Las Dimensiones de la vida consagrada

L’OSSERVATORE ROMANO - 26 de octubre, de 1994

1. Varias veces, en las catequesis anteriores, he hablado de los «consejos evangélicos», que en la vida consagrada se traducen en los «votos» -o al menos compromisos de castidad, pobreza y obediencia. Adquieren su pleno significado en el contexto de una vida totalmente dedicada a Dios, en comunión con Cristo. El adverbio «totalmente» (totaliter), que utiliza santo Tomás de Aquino para especificar el valor esencial de la vida religiosa, es muy expresivo. «La religión es la virtud por la cual se ofrece algo para el culto y el servicio de Dios. Por eso se llaman religiosos por antonomasia aquellos que se consagran totalmente al servicio divino, ofreciéndose a Dios como holocausto» (Summa Theol., II-II, q. 186, a. 1). Es un concepto tomado de la tradición de los Padres, especialmente de san Jerónimo (cf. Epist. 125. ad Rusticum), y de san Gregorio Magno (cf. Super Ezech., hom. 20). El Concilio Vaticano II, que cita a santo Tomás de Aquino, hace suya esta doctrina y habla de la «consagración a Dios», íntima y perfecta, que como desarrollo de la consagración bautismal se realiza en el estado religioso mediante los vínculos de los consejos evangélicos (cf. Lumen gentium, 44).

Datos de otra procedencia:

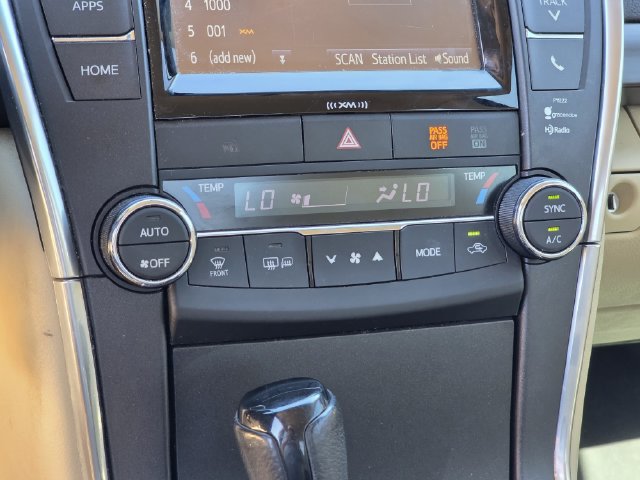 Used 2016 Toyota Camry XLE FWD image 18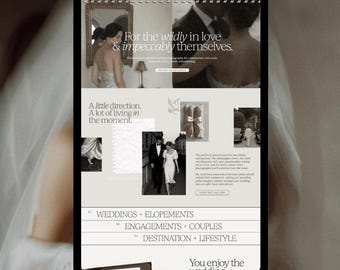 Op de afbeelding: Een digitale tablet toont een website met een monochrome lay-out met trouwfotografie. Het scherm bevat tekst zoals For the wildly in love and impeccably themselves, A little direction, en navigatielinks voor bruiloften, elopements en lifestyle.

2. Adviértase que en esta consagración no es el compromiso humano lo que tiene la prioridad. La iniciativa viene de Cristo, que pide un pacto de libre consentimiento cuando se le sigue. Es él quien, tomando posesión de la persona humana, la «consagra».

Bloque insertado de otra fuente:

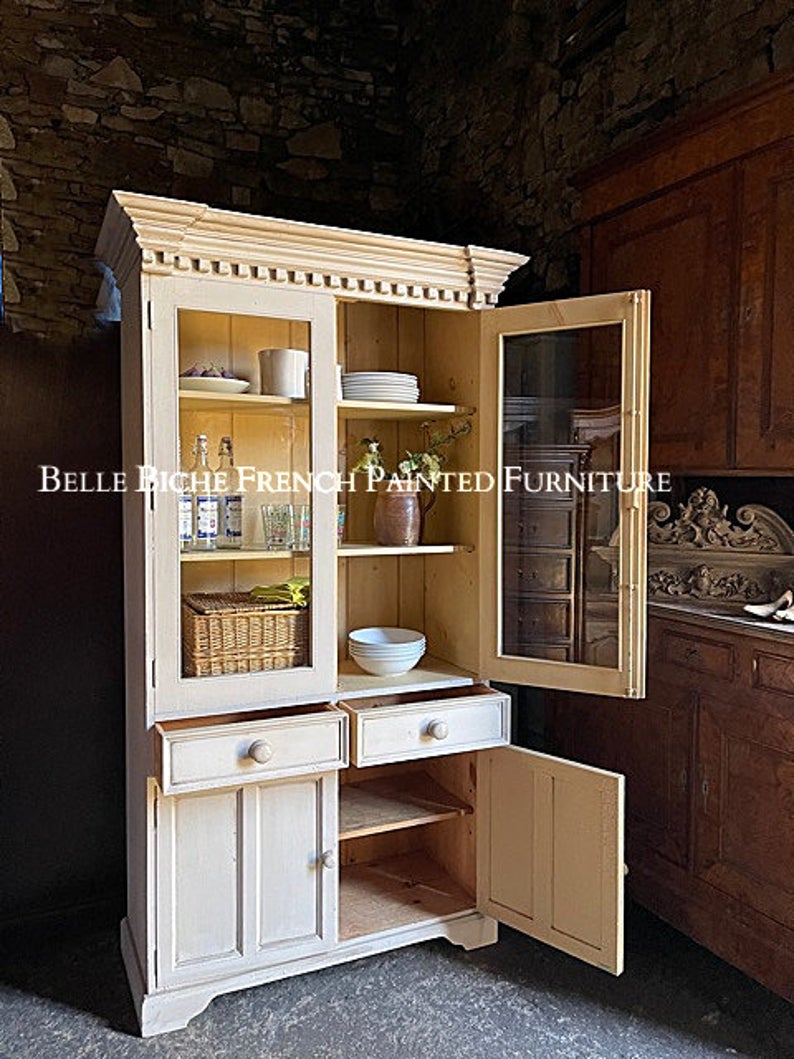 Provincial Style Continental Glazed Vitrine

Según el Antiguo Testamento, Dios mismo consagraba a las personas o las cosas, comunicándoles de algún modo su propia santidad. Esto no hay que entenderlo en el sentido de que Dios santificase internamente a las personas, y mucho menos las cosas, sino en el sentido de que tomaba posesión de ellas y las reservaba para su servicio directo. Los objetos «sagrados» estaban destinados al culto del Señor, y por eso podían servir sólo en el ámbito del templo y del culto, no para lo que era profano. Este era el carácter sagrado atribuido a las cosas, que no podían tocar manos profanas (por ejemplo, el Arca de la Alianza, o los cálices del templo de Jerusalén, profanados -como se lee en 1 M 1, 22 -por Antíoco Epífanes). A su vez, el pueblo de Israel fue «santo» como «propiedad del Señor» (segullah = el tesoro personal del soberano), y por eso tenía un carácter sagrado (cf. Ex 19, 5: Dt 7, 6; Sal 135, 4, etc.). Para dirigir su palabra a esta «segullah», Dios se elegía «portavoces», «hombres de Dios», «profetas», que debían hablar en su nombre. Él los santificaba (moralmente) mediante la relación de confianza y especial amistad que les reservaba, hasta el punto de que algunos de esos personajes eran calificados como «amigos de Dios» (cf. Sb 7, 27; Is 41, 8; St 2, 23).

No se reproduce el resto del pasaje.